This week it's come to my mind more than once (okay, several times) how I used to sleep soundly through the night and sleep in (until about 7-ish) most mornings. "Used to" is the operative phrase here. But not lately. No, lately the Word has been beckoning me at the most ridiculous hours. Yesterday at 3am I just had to know what the Bible says about being sustained (see two posts down from this one). I could not wait until morning to learn what it says about the way God upholds us. And while it's not always at crazy hours, I'm still usually beckoned out of bed a little earlier than I'd like to be conscious. But it's a hunger that pulls me out from under my comfy covers, excited to encounter what the Lord has prepared for me to come across in those pages. It's like I cannot wait for the collision between my heart and the truth I know awaits me.
So as I've kept thinking these past few days about the sleep I've lost, a passage from Proverbs ran through my mind. I knew it word for word but didn't know the reference--and that's the cool thing about being in the Word--it was just one of those verses I've read enough times that it was being embedded deeper into me each time I did, even though it's never jumped out at me until now.

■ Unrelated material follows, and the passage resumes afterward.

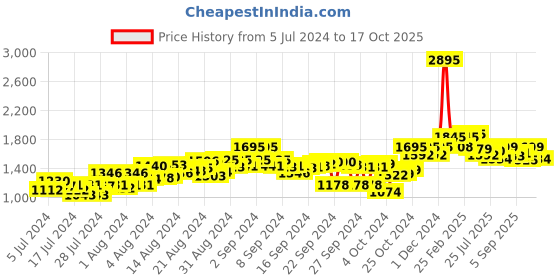 ajio.com atom Men Mid-Top Lace-Up Shoes atom Price History Graph from 5 Jul 2024 to 17 Oct 2025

Well, after a bit of searching, I found the words in Proverbs 24. Verses 33 and 34 say:
"A little sleep, a little slumber, a little folding of the hands to rest,
and poverty will come on you like a bandit, and scarcity like an armed man."

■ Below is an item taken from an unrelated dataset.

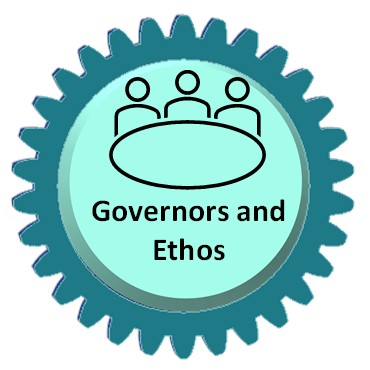 Governor Ethos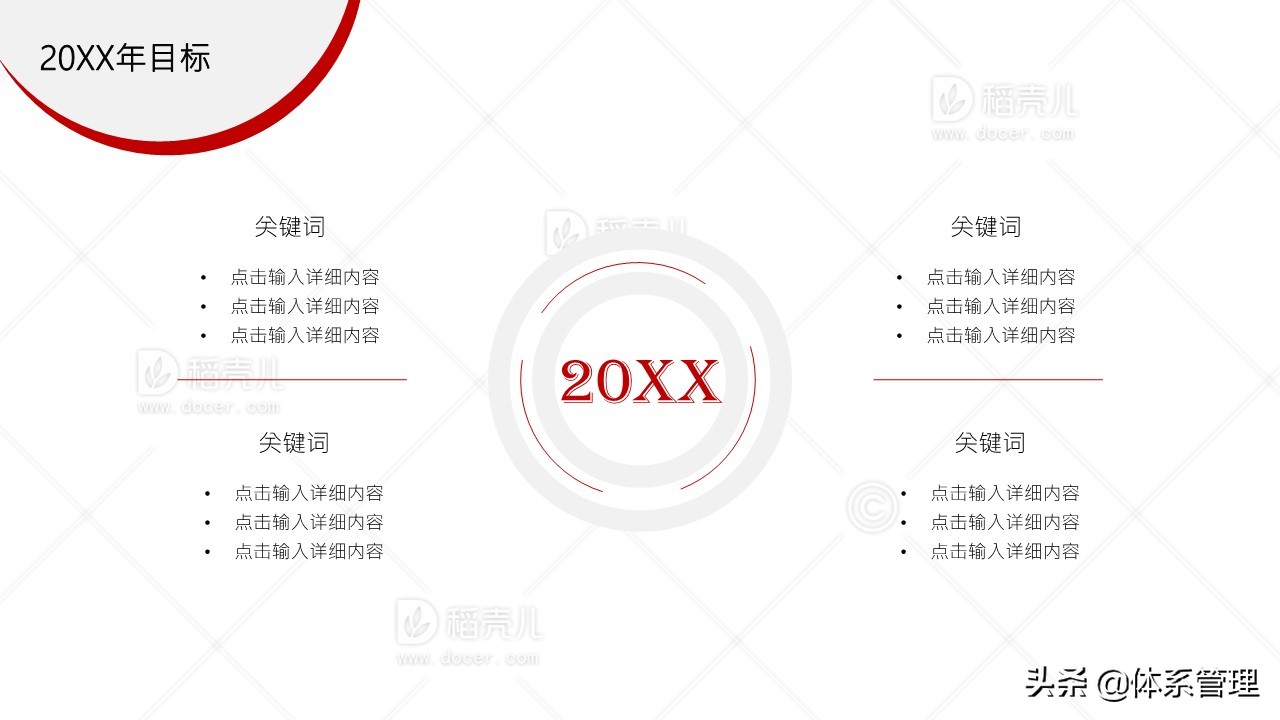 公司经营管理部门年终工作总结,经营分析岗位的工作总结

To me, this has always meant that a lazy man will be without. But this morning the Lord spoke to me about all the times when I did sleep through what should have been my quiet times and said,
"Those days were marked by poverty and scarcity....
Poverty of spirit. And scarcity of fruit."
Wow. I mean, wow. What a terrible shame! But I have to look at it from the flip side...So if the opposite is true now--if my life is now marked by wealth of spirit and abundance of fruit, then it seems that giving up a few zzzzz's is hardly too high a price to pay.